Students who live in the District 196 attendance area appear to be happy with the education they're getting at their public schools.

The district announced last week that 88.6 percent of students who live in the district attend public schools. According to consultant Hazel Reinhardt that is among the best rates in the state.

According to the most recent enrollment numbers there are 30,106 school-age children living within the boundaries of District 196. Of those, 26,661 attend district schools. More than half of those who don't -- 1,850 -- attend private schools. Another 426 are home schooled.

"Public schools are competing effectively with the many educational options parents have for their children," superintendent John Currie said.

The number of private- and home schooled students is declining. In 2005-06 there were 2,024 district students attending private school and 454 being home schooled. The district's overall student population is also declining.

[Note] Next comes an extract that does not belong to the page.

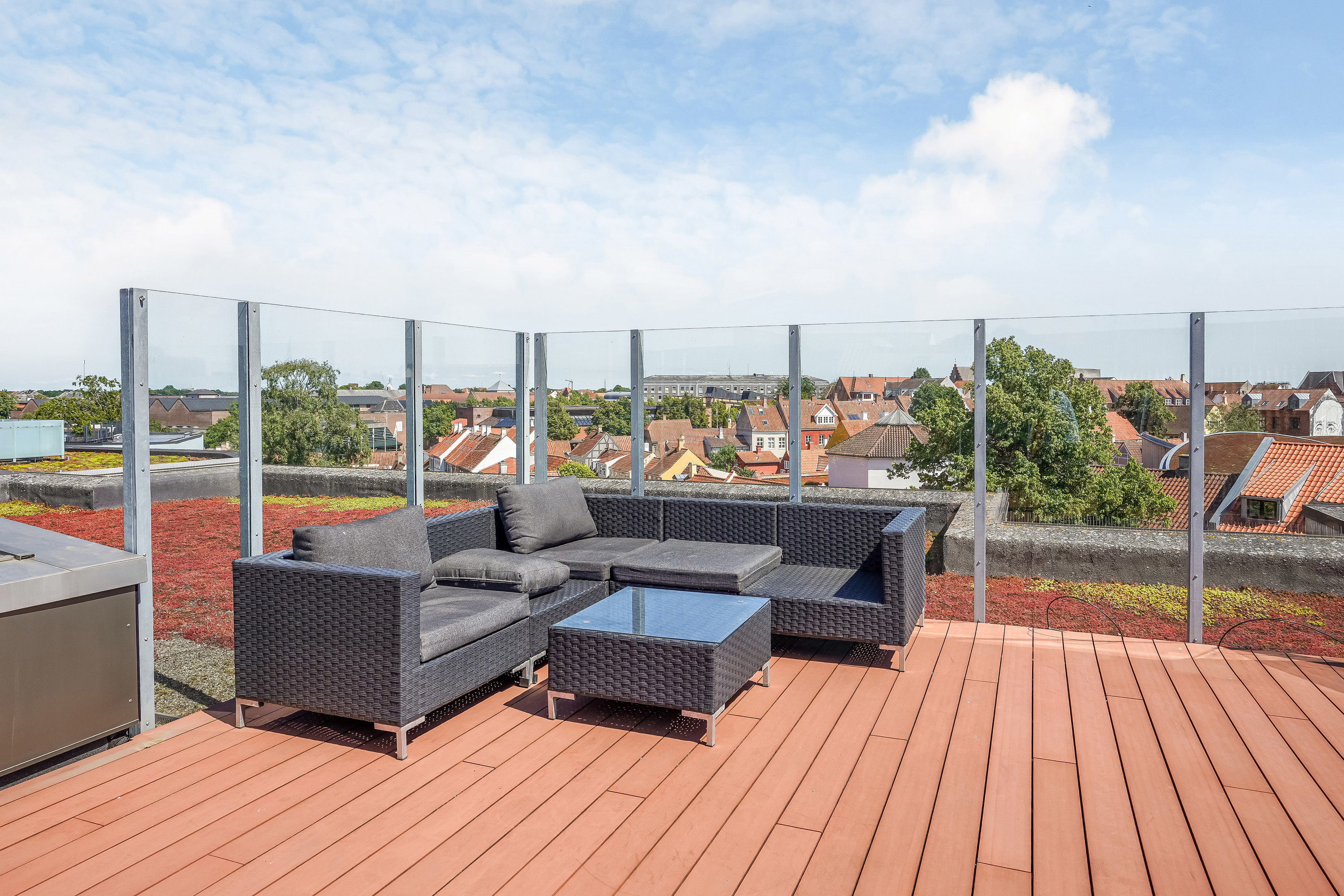 Fremhævet terrasse billede i fuldskærmstilstand. Billede af Carl Nielsens Kvarter 17, 1. 1., 5000 Odense C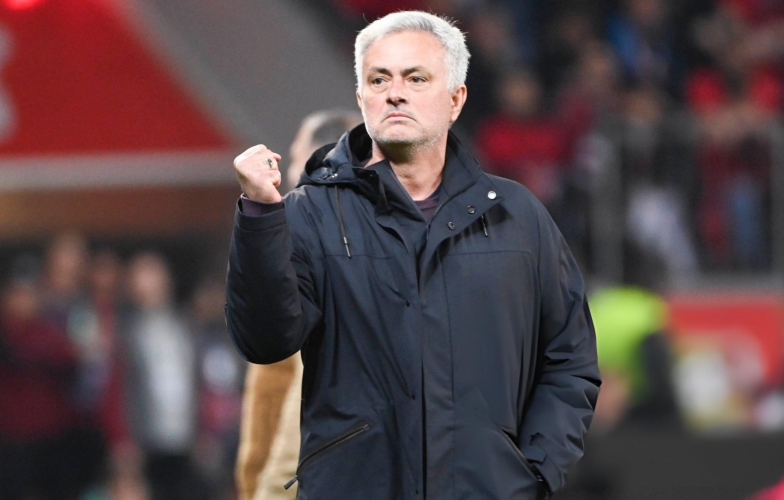 Jose Mourinho khuấy đảo trong ngày 'ra mắt' Benfica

Maintaining a healthy capture rate -- the technical term for the percentage of students who attend public schools in their home district -- will be increasingly important for ISD 196 as the overall pool of students declines. With state funding dependent in part on enrollment, more students means more money.

"While if you have fewer students your costs should go down it doesn't totally equate," district communication specialist Tony Taschner said. "As you decline you still have costs that don't necessarily go away. It takes a little bit longer for that to happen."

In some cases that need to keep enrollment up is leading districts to actively court students both within and beyond their borders. In Minneapolis, schools have put up billboards and bus station posters boasting about what they have to offer. According to a December story in the Minnetonka Sun-Sailor newspaper the Minnetonka School District actively recruits students from other districts. According to the paper about 11 percent of the district's 8,118 students are from other districts, with each worth abut $5,124 in funding. Some students come from as far away as White Bear Lake and Albertville.

Taschner said recruiting students hasn't been a priority for ISD 196, which until a few years ago was still growing and adding schools. But Taschner said bringing in students from outside the district could become increasingly important as enrollment continues to shrink.

There has already been some competition for students within the district. When the district opened three magnet elementary schools in 2007 the remaining traditional elementary schools found themselves pitching their strengths to keep students from moving.

"I think you're only going to see more of that," Taschner said. "Even within the district there's competition for students.